Assignment —
In the listing below, the answer starts at the line that has "Modecanvas Canada USA" and stops after the line that has "KingHigher all-copper condenser"; please repeat that part exactly and nothing more.
----- Given entries -----
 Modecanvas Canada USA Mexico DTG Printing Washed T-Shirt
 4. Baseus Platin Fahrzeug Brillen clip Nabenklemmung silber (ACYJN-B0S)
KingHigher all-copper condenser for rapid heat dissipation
-----
----- Given entries -----
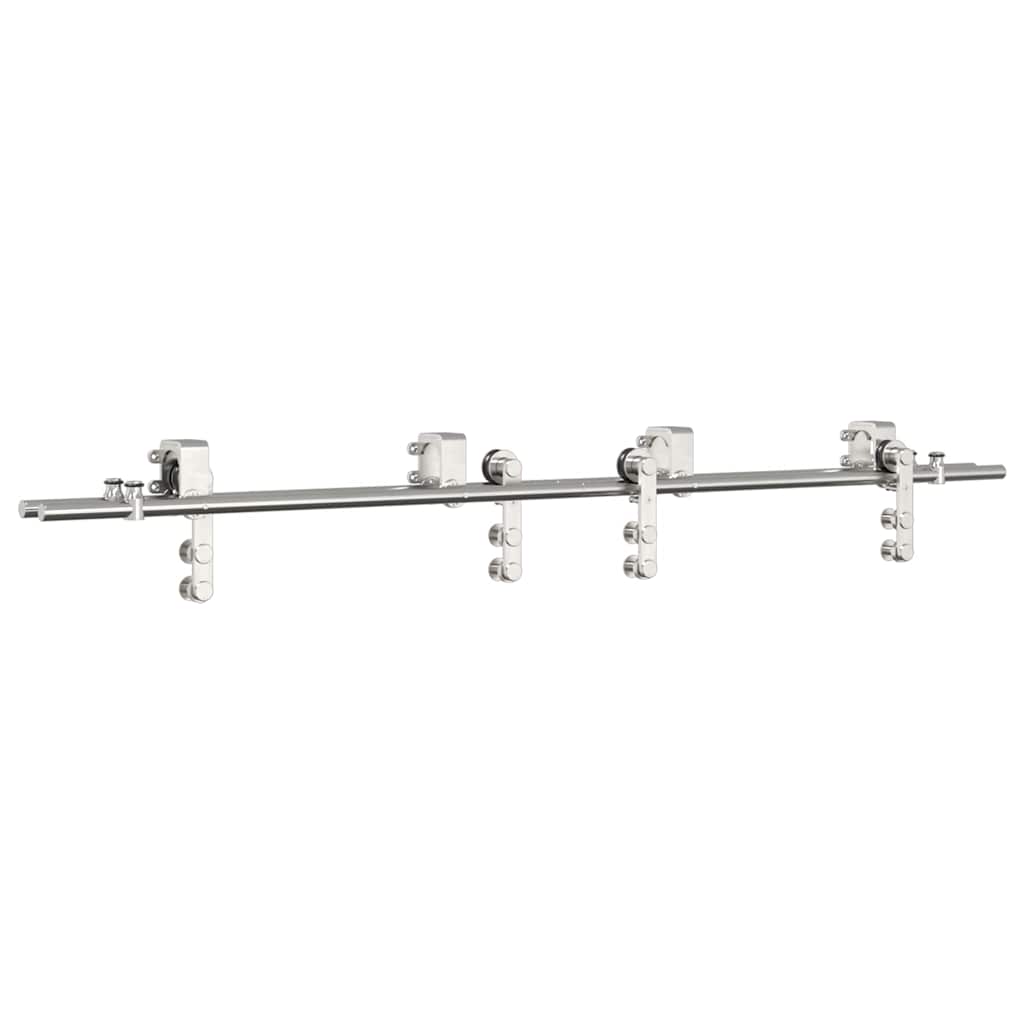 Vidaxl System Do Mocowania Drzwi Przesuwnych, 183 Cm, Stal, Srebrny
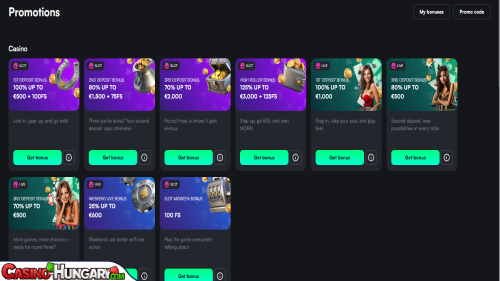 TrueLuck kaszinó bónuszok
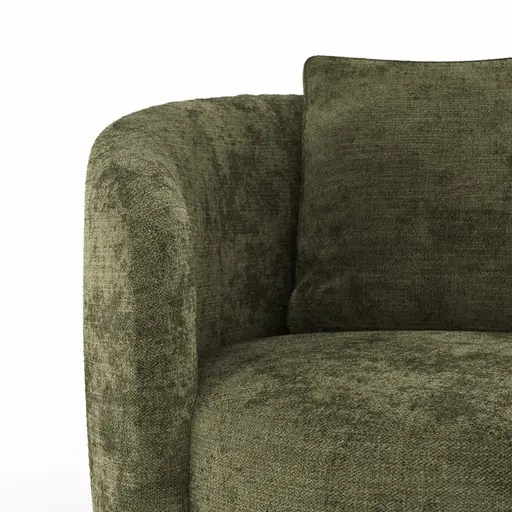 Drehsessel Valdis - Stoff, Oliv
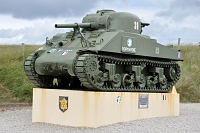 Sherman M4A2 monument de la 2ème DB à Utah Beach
-----
Output —
 Modecanvas Canada USA Mexico DTG Printing Washed T-Shirt
 4. Baseus Platin Fahrzeug Brillen clip Nabenklemmung silber (ACYJN-B0S)
KingHigher all-copper condenser for rapid heat dissipation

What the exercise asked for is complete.